-- Data section follows --
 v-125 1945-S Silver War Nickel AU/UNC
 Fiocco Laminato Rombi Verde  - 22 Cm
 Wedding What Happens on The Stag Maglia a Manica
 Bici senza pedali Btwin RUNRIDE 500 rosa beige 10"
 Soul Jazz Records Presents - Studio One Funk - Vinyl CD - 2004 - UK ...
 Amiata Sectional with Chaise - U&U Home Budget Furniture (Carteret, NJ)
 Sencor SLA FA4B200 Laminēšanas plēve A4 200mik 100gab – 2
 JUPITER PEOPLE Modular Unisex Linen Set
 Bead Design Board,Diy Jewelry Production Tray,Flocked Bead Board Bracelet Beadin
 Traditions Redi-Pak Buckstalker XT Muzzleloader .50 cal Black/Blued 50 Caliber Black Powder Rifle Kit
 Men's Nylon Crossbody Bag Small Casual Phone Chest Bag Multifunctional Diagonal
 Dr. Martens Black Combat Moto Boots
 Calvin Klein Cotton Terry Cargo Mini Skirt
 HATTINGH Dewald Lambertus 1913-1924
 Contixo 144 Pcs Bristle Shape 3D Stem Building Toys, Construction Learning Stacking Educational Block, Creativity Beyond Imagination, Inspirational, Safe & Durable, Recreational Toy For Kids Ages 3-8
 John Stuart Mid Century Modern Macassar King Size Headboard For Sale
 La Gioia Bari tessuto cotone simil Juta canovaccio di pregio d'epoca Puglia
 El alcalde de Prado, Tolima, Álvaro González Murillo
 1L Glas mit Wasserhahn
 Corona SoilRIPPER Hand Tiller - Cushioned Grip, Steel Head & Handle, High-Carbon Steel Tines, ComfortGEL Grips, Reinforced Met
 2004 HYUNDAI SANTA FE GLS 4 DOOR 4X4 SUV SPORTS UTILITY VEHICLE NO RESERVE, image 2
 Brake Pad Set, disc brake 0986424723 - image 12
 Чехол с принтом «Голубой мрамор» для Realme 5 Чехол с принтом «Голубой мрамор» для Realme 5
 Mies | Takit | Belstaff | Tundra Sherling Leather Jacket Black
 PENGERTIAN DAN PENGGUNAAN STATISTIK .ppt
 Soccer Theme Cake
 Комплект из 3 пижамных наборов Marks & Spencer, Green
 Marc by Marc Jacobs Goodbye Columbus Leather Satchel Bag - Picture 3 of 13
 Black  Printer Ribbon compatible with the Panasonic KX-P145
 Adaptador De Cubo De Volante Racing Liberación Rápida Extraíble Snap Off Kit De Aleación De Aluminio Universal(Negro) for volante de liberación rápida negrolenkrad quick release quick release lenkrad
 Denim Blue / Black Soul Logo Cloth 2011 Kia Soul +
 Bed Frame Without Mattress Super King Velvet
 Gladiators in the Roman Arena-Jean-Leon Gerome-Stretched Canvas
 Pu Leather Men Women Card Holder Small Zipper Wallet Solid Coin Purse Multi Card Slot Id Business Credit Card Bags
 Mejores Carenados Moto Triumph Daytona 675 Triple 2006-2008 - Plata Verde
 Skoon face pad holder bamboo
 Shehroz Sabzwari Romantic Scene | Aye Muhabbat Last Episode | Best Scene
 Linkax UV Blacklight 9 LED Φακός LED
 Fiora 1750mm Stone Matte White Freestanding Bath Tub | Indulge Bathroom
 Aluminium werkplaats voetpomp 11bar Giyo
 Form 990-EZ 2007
-- Data section concluded --
Work instructions
After locating the line holding "Men's Nylon Crossbody" above, output exactly that line and every line after it through the line holding "La Gioia Bari". Include nothing else.

Problem solution
 Men's Nylon Crossbody Bag Small Casual Phone Chest Bag Multifunctional Diagonal
 Dr. Martens Black Combat Moto Boots
 Calvin Klein Cotton Terry Cargo Mini Skirt
 HATTINGH Dewald Lambertus 1913-1924
 Contixo 144 Pcs Bristle Shape 3D Stem Building Toys, Construction Learning Stacking Educational Block, Creativity Beyond Imagination, Inspirational, Safe & Durable, Recreational Toy For Kids Ages 3-8
 John Stuart Mid Century Modern Macassar King Size Headboard For Sale
 La Gioia Bari tessuto cotone simil Juta canovaccio di pregio d'epoca Puglia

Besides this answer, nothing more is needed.